So I've just returned from a week long vacation to sunny Kos Island in Greece. As I lay beside the swimming pools of the resort I was staying, I found that I had loaded two particular books onto my Kindle. These books were “ The C Programming Language” by Kernigan and Ritchie, and “ Advanced Programming in the UNIX environment” by Stevens and Rago.

As a long time Linux user and programmer, I have always been intrigued by the C programming language. I'm no novice to programming languages, and I am quite comfortable with Python, Java and PHP. But even though I know at least one person that can use C to great effect, and are able to do (for me anyway) complicated stuff with it, for me personally it hasn't really amounted to anything more than a simple Arduino program.
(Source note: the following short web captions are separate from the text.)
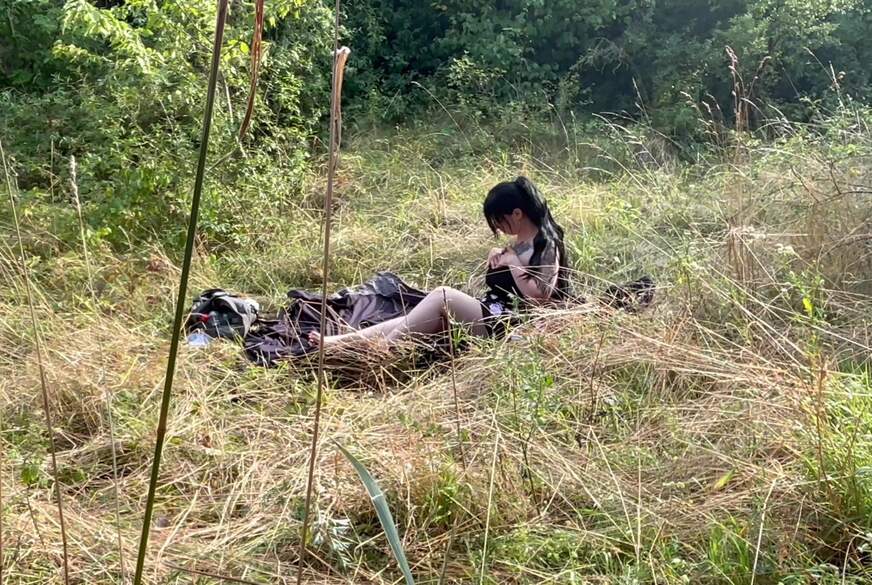 Nini-Belle: Geile P***y Massage in der freien Natur
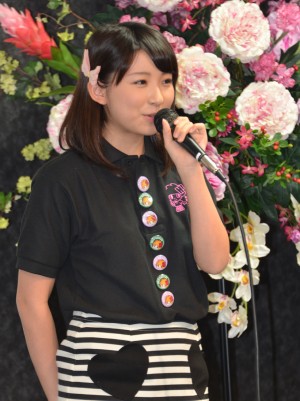 ハロプロショッププレオープンに来店した福田花音	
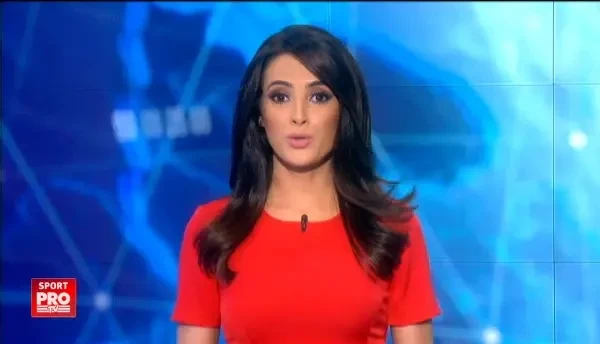 Doi rapidisti au mutat Giulestiul la ei acasa. La nunta s-au imbracat in alb-visiniu, iar casa e decorata complet in culorile favorite. VIDEO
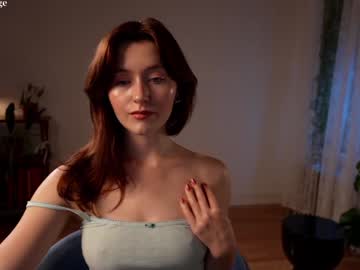girl
        alisonrouge cam image #4364785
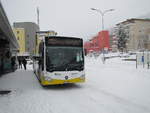 VBD - Mercedes Citaro Nr. 10 steht bei starkem Schneefall am Bahnhof Davos Dorf am 17.11.19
I did create a patch set for the pmacct project, but that was simply that, patching existing code.

The C Programming Language

So, as I was spending my week at the pool, I had plenty of time to read the two books I mentioned earlier. First up was “The C Programming Language”, second edition by Brian W. Kernigan and Dennis Ritchie (which I will just call K&R from now on). The book describes the C programming language as it was at the time that the ANSI C standard was completed in 1988, and has not been updated since then (apart from the ebook edition I have). Even though the book might appear aged based on that, I was amazed on how easy to read it was. The style is compact and succinct, and gradually eased the reader into the concepts of C. The book does not explain in detail what functions and variables are, and assumes that the reader already has knowledge of programming concepts. The book starts out with the, then new, now common “Hello World” example:

#include <stdio.h>

main()
{
    printf("hello, worldn");
}

And from there carries on to talk about function parameters; call by value, character arrays, like strings, but not really and object types, of which there are only a few: integers and floating points of different sizes, structs and unions, and pointers to them. From there the more difficult concepts are introduced: program structures; preprocessor statements and header files; and pointers and arrays. The book closes by discussing input and output concepts using standard input/output and files, and finishes by briefly discussing UNIX system calls and their use.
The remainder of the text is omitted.